Pfizer Employee Claims Company Fired Her After Infection From An Engineered Virus
“A former Pfizer scientist is suing the pharmaceuticals giant after alleging she contracted an artificial, HIV-like virus created by a colleague. In her lawsuit, Becky McClain claims Pfizer unlawfully dismissed her while she suffered bouts of paralysis brought on by the man-made virus. … “
Lawsuit calls into question whether cutting-edge research is moving too fast for safety regulations to keep up
By Stuart Fox | Hartford Courant | 03.16.2010
A former Pfizer scientist is suing the pharmaceuticals giant after alleging she contracted an artificial, HIV-like, virus created by a colleague. In her lawsuit, Becky McClain claims Pfizer unlawfully dismissed her while she suffered bouts of paralysis brought on by the man-made virus.
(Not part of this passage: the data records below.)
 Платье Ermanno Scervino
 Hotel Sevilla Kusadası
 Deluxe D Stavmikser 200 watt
Pfizer denies these accusations, and says McClain simply didn’t come to work, and only linked her problems to engineered-disease exposure after she was fired.
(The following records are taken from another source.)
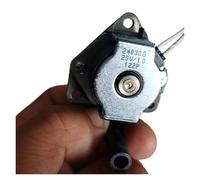 DEYIN For pièces de cuiseur à riz, électrovanne d'échappement 20V/1.0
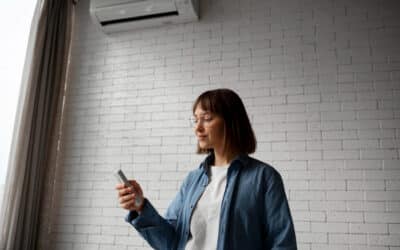 Kode Error AC Panasonic dan Cara Mengatasinya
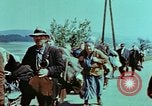 Image Des civils allemands et soldat allemand Prisonniers près de Pilsen Pilsen Tchécoslovaquie, 1945, de la seconde 45 séquences d'archives historiques vidéo 65675055605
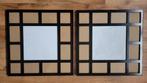 2x Memobord magnetisch whiteboard omrand met fotolijst, Ophalen of Verzenden, Gebruikt, Magneetbord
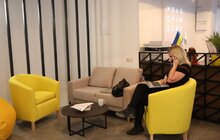 Фото 3: Завтра МолоДвіжЦентр. Львів урочисто відкриє свої двері для відвідувачів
According to McClain, researchers in her lab genetically engineered an artificial lentivirus, a class of viruses that also includes HIV. McClain believes that she became infected by the virus due to faulty safety measures, resulting in complete body paralysis as often as 12 times every month.
For its part, Pfizer claims that its facilities maintain the required level of safety, a position that OSHA agrees with. Pfizer contends that they responded to McClain’s initial complaints about the failure of lab safety devices, and that she refused to return to work even after Pfizer offered to transfer her to a different area. Additionally, Pfizer also claims that McClain’s illness could not have resulted from the escaped virus, since it was not engineered from a human virus, or with the genetic code needed for reproduction and infection.
Most likely, we will never know if it is Pfizer’s virus that caused McClain’s health problems. The court case will focus mostly on safety procedures in the laboratory, not on what exactly from the lab caused the illness. Also, Pfizer refuses to release the genome of the suspected virus, preventing both identification of the disease, as well as the development of a possible cure.